6 points by sanketsaurav 3 months ago · 2 comments · 2 min read


Hey HN! We're the team behind Autofix Bot (YC W20's DeepSource)[1]. We're open-sourcing Narada (https://huggingface.co/deepsource/Narada-3.2-3B-v1), a fine-tuned Llama3.2-3B-Instruct model that dramatically reduces false positives in secrets detection tools. The model achieves 97% precision with 96% recall on our evaluation set. It's fast enough for CI/CD (3B parameters), works with any regex-based tool, and is MIT-licensed.

Traditional regex-based secrets scanners (Gitleaks, TruffleHog, detect-secrets) face a fundamental tradeoff: crank up sensitivity and drown in false positives flagging things like "YOUR_API_KEY_HERE", or tune it down and miss real credentials. We kept hearing from security teams that they couldn't trust their scanning tools because of the noise – developers would just ignore the alerts.

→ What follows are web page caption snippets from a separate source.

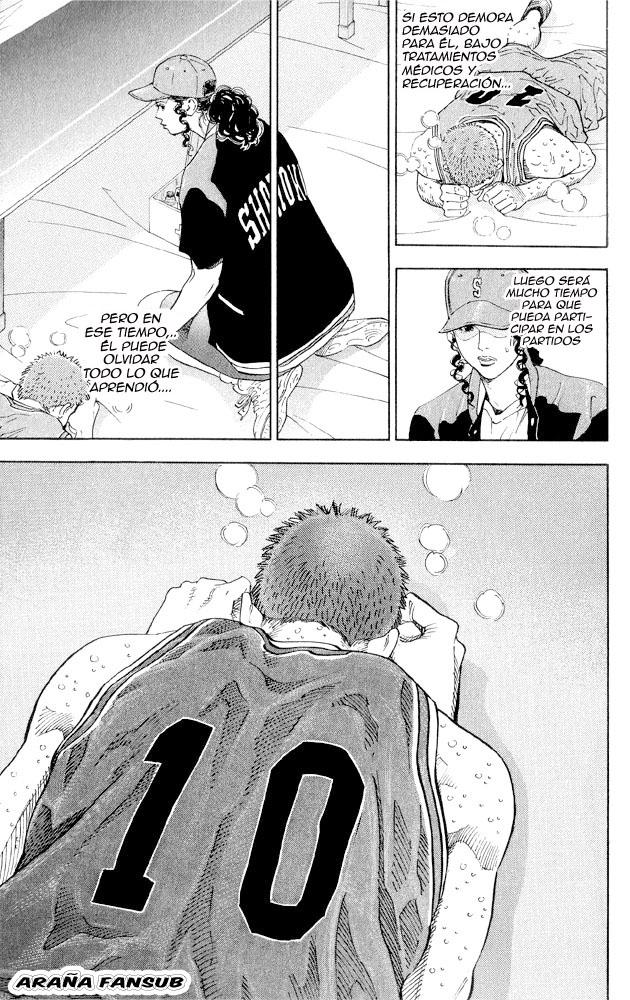 Read Slam Dunk (es) Manga Online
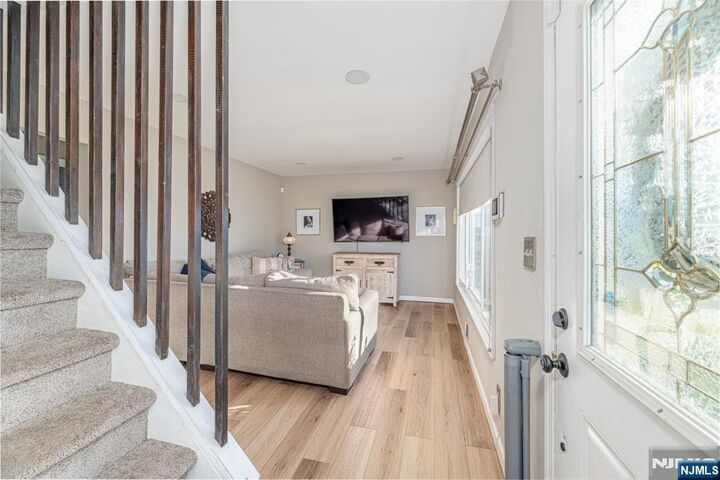 Property Photo:  169 Cambridge Avenue  NJ 07663 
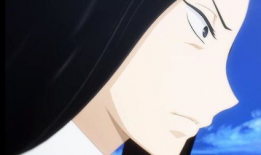 捆绑动漫美女,青春活力与梦幻色彩的交织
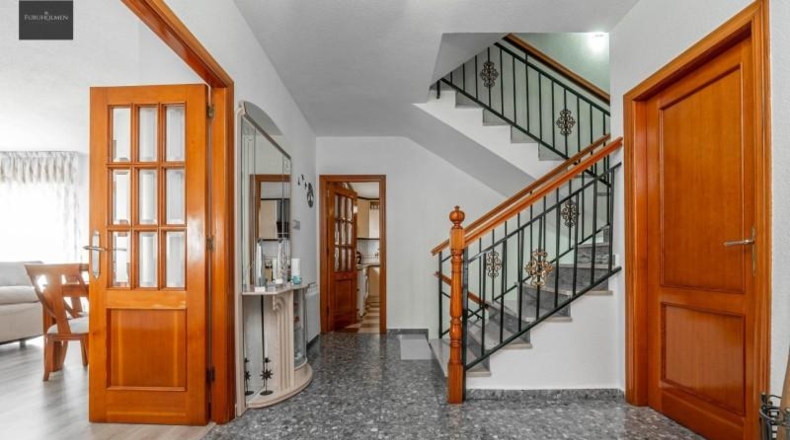 Granada - Los Llanos - 315m2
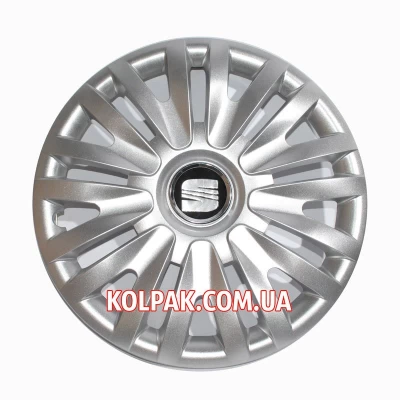 Kołpaki dedykowane R16 do Seat SKS 412 Kołpaki dedykowane R16 do Seat SKS 412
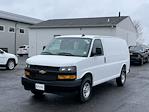 2026 Chevrolet Express 2500 RWD Empty Cargo Van for sale #26C105T - photo 4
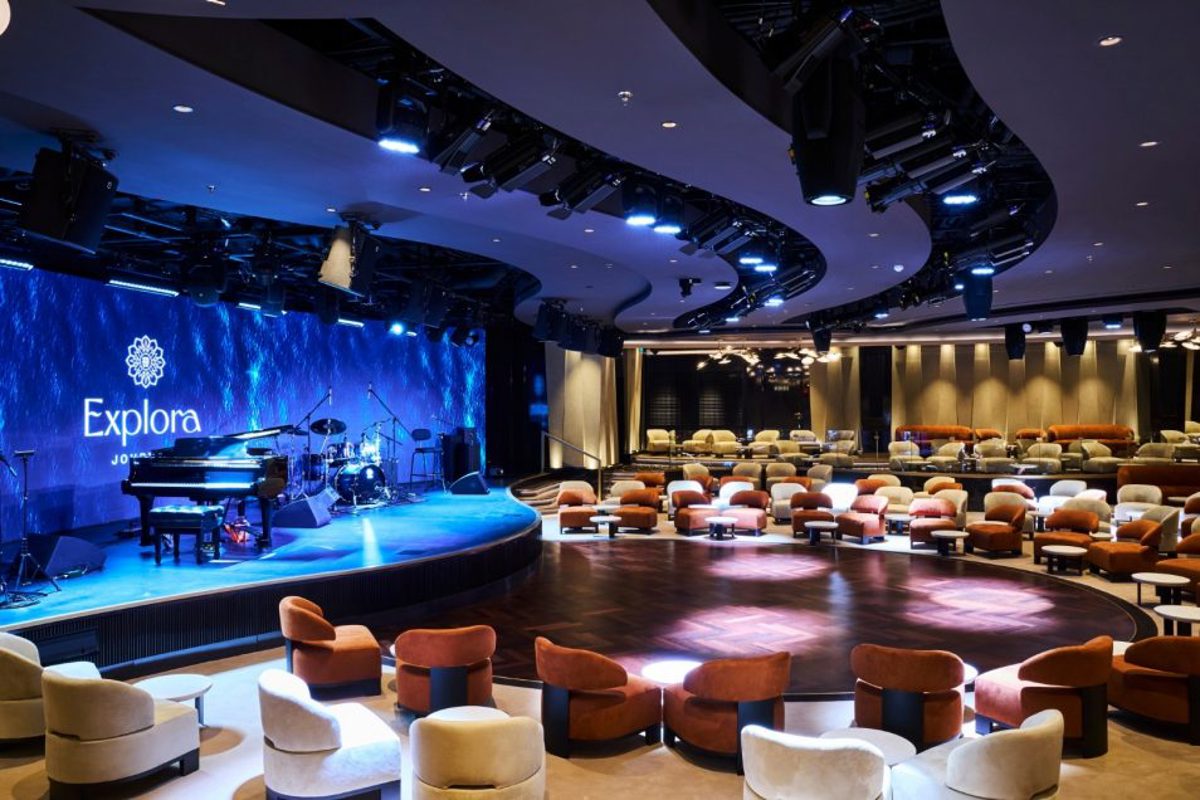 Explora Journeys Explora Iii Journeys Lounge 4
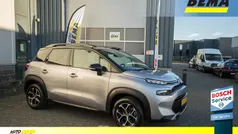 Grijs Gebruikt 2024 Citroën C3 Aircross PureTech SUV | € 19.750 (Super prijs)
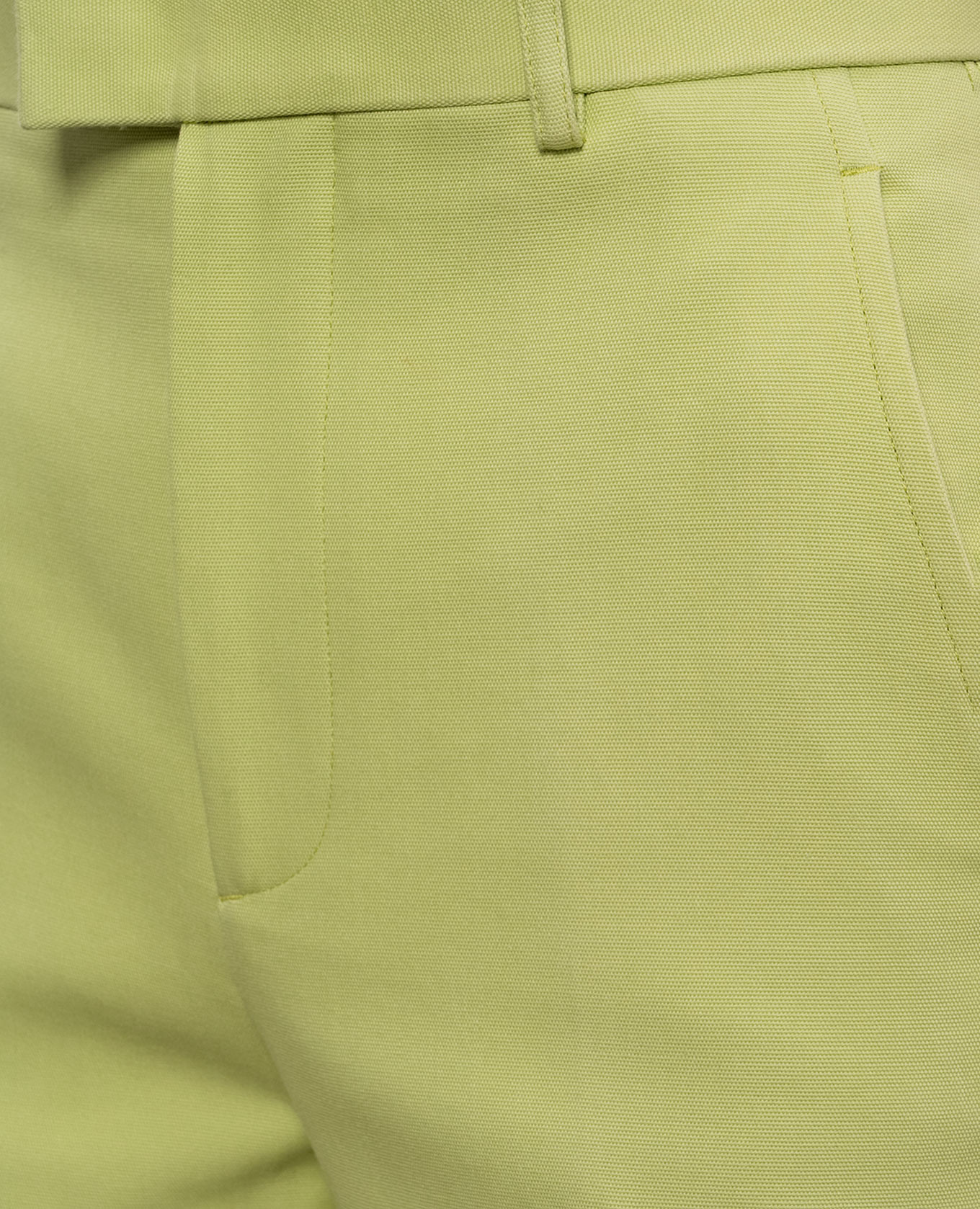 

Light green trousers Bottega Veneta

Regex is great at fast pattern matching, but terrible at understanding context. So instead of trying to make regex smarter, we built a hybrid system: regex does the initial high-recall sweep, then a fine-tuned 3B model filters out false positives by actually understanding the code context.

Technical approach: - Started with teacher-student architecture using DeepSeek R1 as teacher - Curated ~8K diverse secrets from Samsung's CredData dataset, relabeled for consistency - Generated synthetic edge cases using Gemini 2.5 Pro and Claude Sonnet 4 - Fine-tuned on ~900 examples with deterministic outputs (not chain-of-thought)

Integration is straightforward – run your existing regex tool, feed candidates to Narada with ±20 lines of context, get structured JSON output with true/false positive classification and reasoning.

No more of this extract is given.